Today, along with sculpting, McAloon is the facilities manager at The Studios of Key West. If you stop by the Studios and run into McAloon, you might recognize her as the “fish monger” from the former Overseas Market. Both Lauren and Brendan got jobs there when they arrived in Key West and worked there until it closed.

“I don’t know if that’s an official title,” she said and laughed. “But’s that what I was called because I worked in the seafood department.”

Today, she divides her workday between early and late hours in her second-floor studio working on one of three or four sculptures that are works-in-progress, and her day job as facilities manager at The Studios of West, a job she’s held since the Studios opened in 2007.

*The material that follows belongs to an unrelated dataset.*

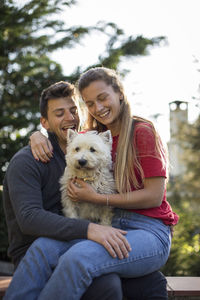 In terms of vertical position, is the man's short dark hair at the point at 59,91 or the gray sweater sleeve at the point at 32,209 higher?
the man's short dark hair at the point at 59,91

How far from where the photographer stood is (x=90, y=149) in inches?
145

McAloon didn’t get her own studio at the Armory for two years. (The Studios’ White Street location is called the Armory because the building is an old military armory at the corner of White and Southard streets.) She said her job didn’t get her request moved to the top of the list.

“I did my sculpture work in the house, wherever I could find space, before I got my studio. I used the porch and living room a lot,” she said.

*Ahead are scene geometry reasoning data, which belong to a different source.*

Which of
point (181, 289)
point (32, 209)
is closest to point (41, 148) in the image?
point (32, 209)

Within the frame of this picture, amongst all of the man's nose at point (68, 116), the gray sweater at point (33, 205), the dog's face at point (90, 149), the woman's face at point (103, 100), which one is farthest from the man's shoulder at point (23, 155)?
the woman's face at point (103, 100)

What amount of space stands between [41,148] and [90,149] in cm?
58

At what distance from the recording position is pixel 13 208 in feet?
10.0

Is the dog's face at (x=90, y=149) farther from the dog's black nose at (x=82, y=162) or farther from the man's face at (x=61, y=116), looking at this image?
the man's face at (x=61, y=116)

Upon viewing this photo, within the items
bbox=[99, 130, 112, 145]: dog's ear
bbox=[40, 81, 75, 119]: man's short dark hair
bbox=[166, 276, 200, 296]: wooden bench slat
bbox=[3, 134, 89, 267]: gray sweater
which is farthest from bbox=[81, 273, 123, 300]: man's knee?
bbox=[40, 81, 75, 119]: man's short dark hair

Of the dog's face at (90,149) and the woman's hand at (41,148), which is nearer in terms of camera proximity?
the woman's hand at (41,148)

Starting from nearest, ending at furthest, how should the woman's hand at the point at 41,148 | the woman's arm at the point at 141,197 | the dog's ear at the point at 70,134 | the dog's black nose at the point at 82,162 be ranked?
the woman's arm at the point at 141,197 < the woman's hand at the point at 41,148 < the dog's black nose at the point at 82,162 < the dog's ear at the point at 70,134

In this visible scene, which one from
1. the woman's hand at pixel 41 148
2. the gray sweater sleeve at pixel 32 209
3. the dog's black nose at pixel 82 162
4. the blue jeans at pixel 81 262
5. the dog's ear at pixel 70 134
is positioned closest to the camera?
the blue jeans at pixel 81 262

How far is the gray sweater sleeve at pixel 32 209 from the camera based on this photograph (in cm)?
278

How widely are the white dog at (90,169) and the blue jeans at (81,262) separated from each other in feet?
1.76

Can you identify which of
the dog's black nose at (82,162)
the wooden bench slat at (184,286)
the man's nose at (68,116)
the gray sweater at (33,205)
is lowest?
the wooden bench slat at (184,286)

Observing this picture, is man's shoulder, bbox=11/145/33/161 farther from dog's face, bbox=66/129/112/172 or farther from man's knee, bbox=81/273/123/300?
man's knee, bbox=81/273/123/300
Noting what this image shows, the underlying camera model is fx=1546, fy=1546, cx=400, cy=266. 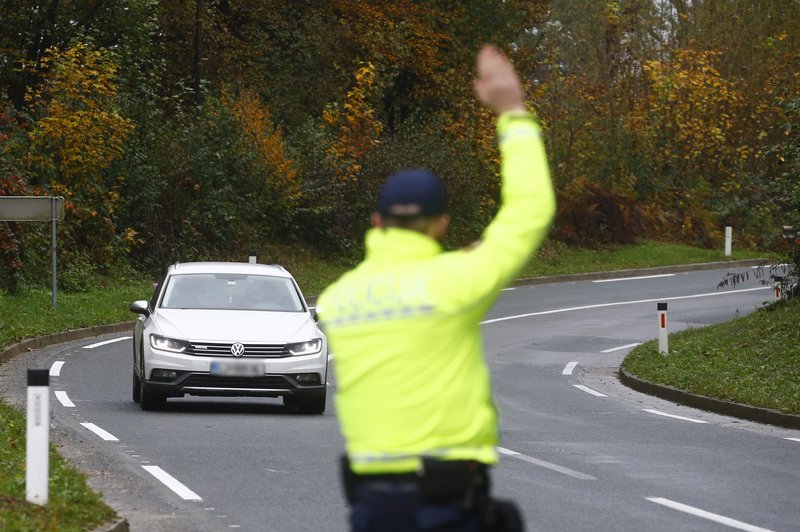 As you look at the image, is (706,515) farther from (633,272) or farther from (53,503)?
(633,272)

McAloon likes her studio for many reasons, but one is that she can stop work for the day and not take away from her creative time to put things away, as she often had to at home.

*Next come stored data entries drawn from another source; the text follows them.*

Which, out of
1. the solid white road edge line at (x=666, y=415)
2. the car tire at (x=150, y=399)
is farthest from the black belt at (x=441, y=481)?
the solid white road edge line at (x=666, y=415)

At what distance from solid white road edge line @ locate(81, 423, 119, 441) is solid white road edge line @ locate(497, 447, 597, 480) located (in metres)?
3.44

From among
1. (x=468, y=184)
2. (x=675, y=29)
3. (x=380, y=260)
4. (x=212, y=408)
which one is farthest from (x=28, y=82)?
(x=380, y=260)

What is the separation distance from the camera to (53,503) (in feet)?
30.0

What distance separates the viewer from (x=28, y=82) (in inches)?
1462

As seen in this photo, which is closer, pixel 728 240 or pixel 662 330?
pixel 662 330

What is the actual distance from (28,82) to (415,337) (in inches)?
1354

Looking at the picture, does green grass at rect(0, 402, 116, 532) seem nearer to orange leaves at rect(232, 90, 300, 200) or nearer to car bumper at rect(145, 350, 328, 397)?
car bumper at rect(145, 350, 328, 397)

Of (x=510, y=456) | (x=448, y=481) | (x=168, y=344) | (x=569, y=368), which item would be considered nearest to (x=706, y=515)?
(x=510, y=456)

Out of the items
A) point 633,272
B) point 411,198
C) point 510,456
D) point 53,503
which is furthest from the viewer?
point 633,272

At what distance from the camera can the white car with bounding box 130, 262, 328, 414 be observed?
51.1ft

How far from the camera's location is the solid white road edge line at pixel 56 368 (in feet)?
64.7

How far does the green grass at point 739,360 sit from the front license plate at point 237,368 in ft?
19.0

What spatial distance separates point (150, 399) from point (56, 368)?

“I like three-dimensional,” she said when asked why she’d become a sculptor. “Putting my hands on the work, getting them dirty.” McAloon smiled. “Seeing the object take shape. I like the balance as the piece takes shape, when it’s right.”

Ideas come to her all the time.

“Where do my ideas come from?” McAloon looked around her studios, eyeing pieces of works-in-progress. “Hard to answer. Some seem to surface when I see something that interests me. It isn’t as if I’m knocked over with the idea. It nibbles at me, over time. The idea usually takes shape in my mind first. Then I might sketch it out before I begin work.”

On some of her projects, she even makes models to see a scaled down version of her idea.

Each piece she works on has its own time schedule and it varies.

“I’ve taken five years to complete a piece,” she said. “I sometimes look at a work-in-progress and, I don’t know, I don’t feel right about it and let it rest. That’s why I’ve always got more than one project going.”

Most of her pieces take less time, she said.

“Sometimes, for me to feel right about a project, it just takes time for it all to come together,” she said. “Now that I’ve got the studio, when it doesn’t feel right, I can put it in the corner and go on with something else.”

McAloon’s bigger sculptures have been displayed during what began as Art in the Park and is now called Sculptor Key West.

“I’ve had work displayed at Ft. Zack, since 2003,” she said. “Off-and-on I’ve displayed, but not this year.”

About the coin toss, is she happy with the results?

“Oh yes,” she said. “Key West allows people to change. The art community in Key West is unbelievable. I’ve been accepted into a great caring and giving community. For such a small island, the art community, be it artists or patrons, is large and supportive.”